But the underdog spirit remains. I recall being aboard the band’s tour bus en route to the Leeds Festival, in 2013, and listening in silent wonder as the members expressed pleasant surprise that Warner Bros. had exercised their option for at least another album. “Your last one went to number one,” I thought. “Why would they do anything else?”
“I think it’s part of the beating heart of this band that we don’t really feel at home anywhere,” says James Johnston. “And we’re quite happy not exactly fitting in anywhere. I like that we’re slightly too heavy for the pop crowd and slightly too poppy for the metal crowd, too. But at the same time we’re capable of headlining all these festivals.”
In any year other than that in which we find ourselves, the second act of the band’s album cycle would now begin. The trio would rehearse for upcoming concerts in Britain’s largest arenas – the 02 in London, the SSE Hydro in Glasgow – in sizeable halls in Europe, and in clubs and theatres in the United States. They would board a tour bus or, if circumstances required it, a van. A road crew would be amassed. Passports would be stamped.
But in the absence of an ideal world, last week Biffy Clyro did manage to launch A Celebration Of Endings in style. Appearing at a mid-sized venue in Scotland, the group performed a live-streamed concert from a stage, a dance-floor, and from within the confines of a mirrored cube. Directed by Oscar Sansom, the hour-long set also featured contributions from touring musicians Mike Vennart and Richard Ingram as well as orchestration from the Cairn String Quartet.
Over the course of an hour, Ben Johnston played on four different kits. The other half of Britain’s finest rhythm section – “we’re the funkiest gingers in the west coast of Scotland,” says the drummer – James Johnston somehow locked into a murderous groove while wearing a jumpsuit that may or may not have been purchased from Monki.

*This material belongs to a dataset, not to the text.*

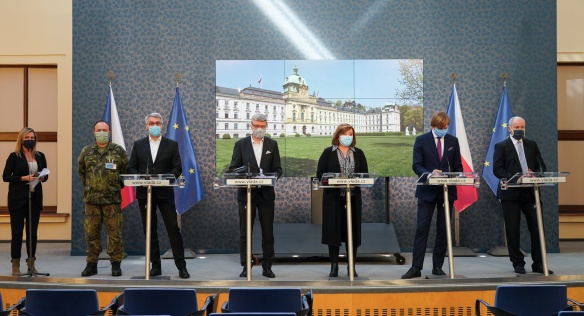 Žadatelé o dávky nebudou muset na úřady, navrhuje vláda. Schválila i dotační program na ošetřovné pro OSVČ, 26. března 2020.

“I think this will be our modus operandi going from now on,” says the bassist. “It’s no good dwelling on the things you can’t do; you’ve got to try and find positives in the things you can do. In the coming months, that’s going to be the way to go.”
For the final number of the night, Biffy Clyro unveiled Cop Syrup. The most remarkable track on A Celebrations Of Endings, the six-minute song starts like an explosion in a shouting factory only to pivot into an extended instrumental section of extraordinary delicacy and finesse.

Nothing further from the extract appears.